Emily Wang is spending the summer in Amman, Jordan, studying the Arabic language as part of the Critical Language Scholarship Program.

Emily Wang is spending the summer in Amman, Jordan, studying the Arabic language as part of the Critical Language Scholarship Program. Submitted photo

More than 550 students across the country received the scholarship this year. The goal of the program is to encourage U.S. citizens to learn critical foreign languages and to prepare students for a globalized workforce, ultimately allowing them to contribute to U.S. economic competitiveness and national security.

Each student spends eight to 10 weeks in the country of his or her chosen language living with host families.
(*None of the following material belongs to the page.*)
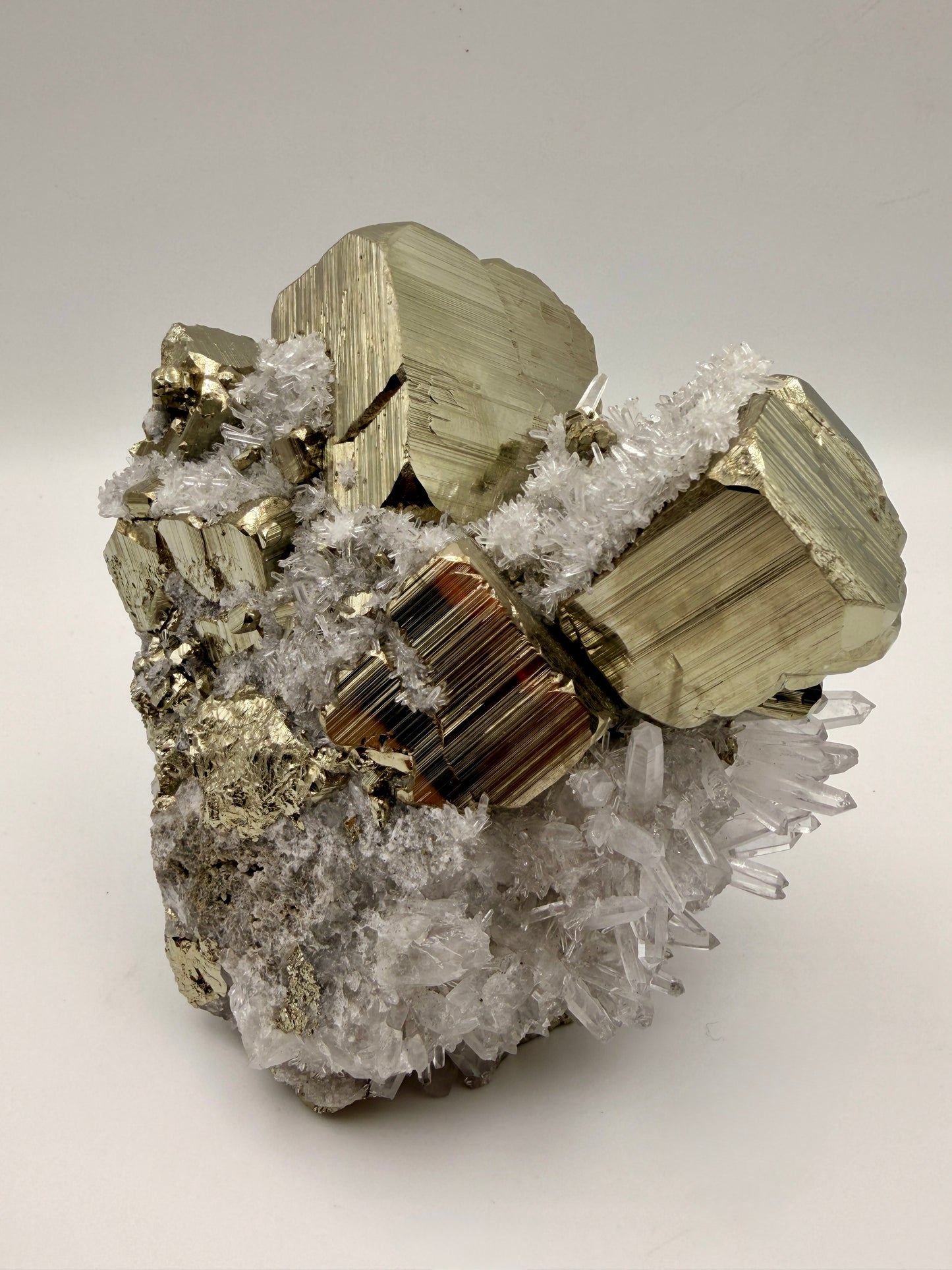 Pyrite Cubes and Quartz Points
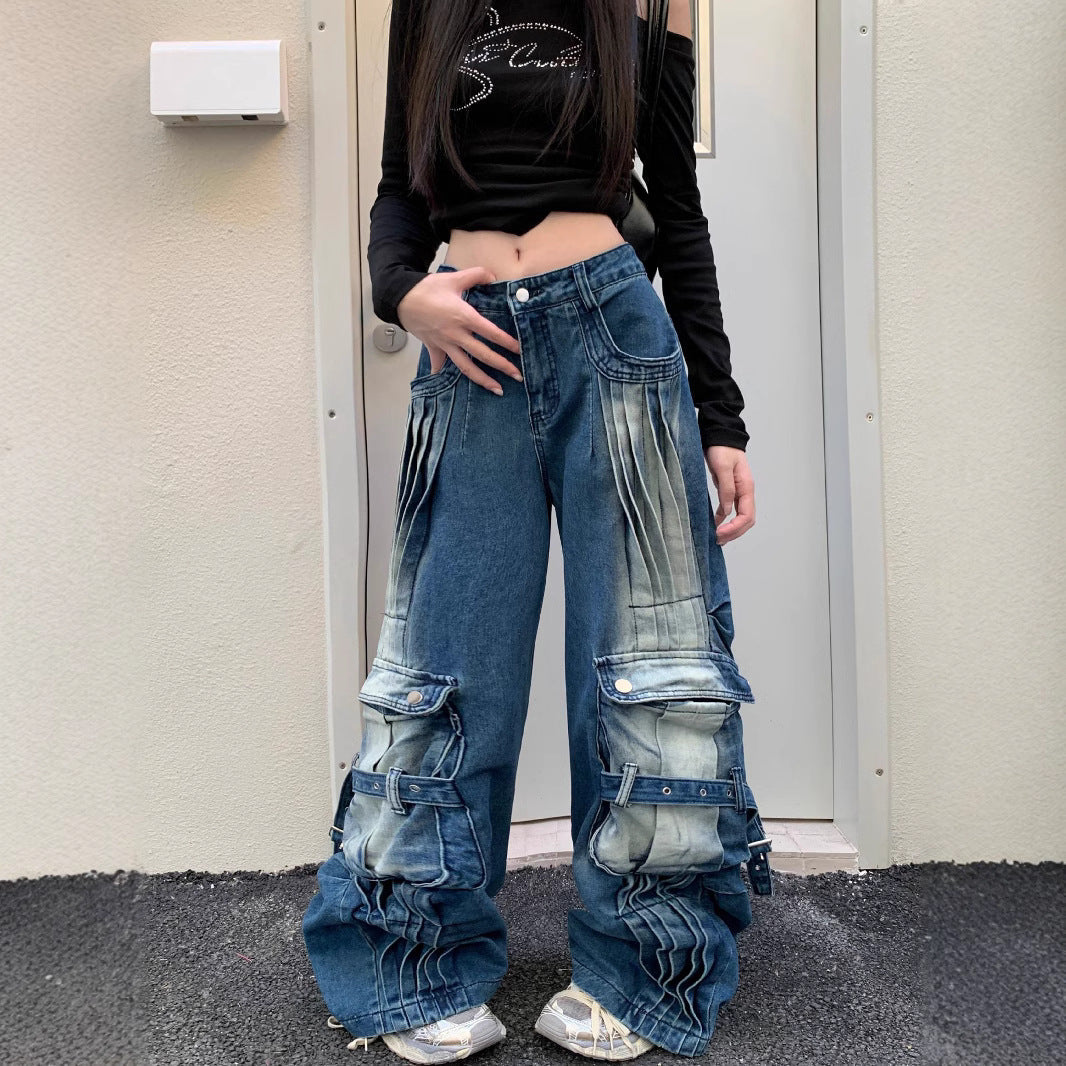 Straight Loose Washed-out Deconstruction Design Cargo Jeans Female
The program includes intensive language instruction combined with cultural enrichment activities to provide students with opportunities to master the language.

Hunt is spending the summer in Lucknow, India, learning Urdu; Spafford is traveling to Ibri, Oman, to study Arabic; and Wang is learning learn Arabic in Amman, Jordan.

George hopes to use these language skills to work with Korean companies or organization and conduct research about Korean society in the future.

“Through this program, I hope that I can improve my language skills and better my understanding of Korean culture,” she said.

Wang hopes to improve in Arabic through the program.

Hunt

Paul Hunt

“Language learning is a means to gain new perspectives and eyes upon the world, so I am very ecstatic and honored to have received the CLS award in Jordan,” Wang said. “Since intensive and immersive language-learning goes hand-in-hand with linguistic success, more time I can spend immersing myself abroad will correlate with my success.”

Spafford is excited to study Arabic in a country where the language is spoken.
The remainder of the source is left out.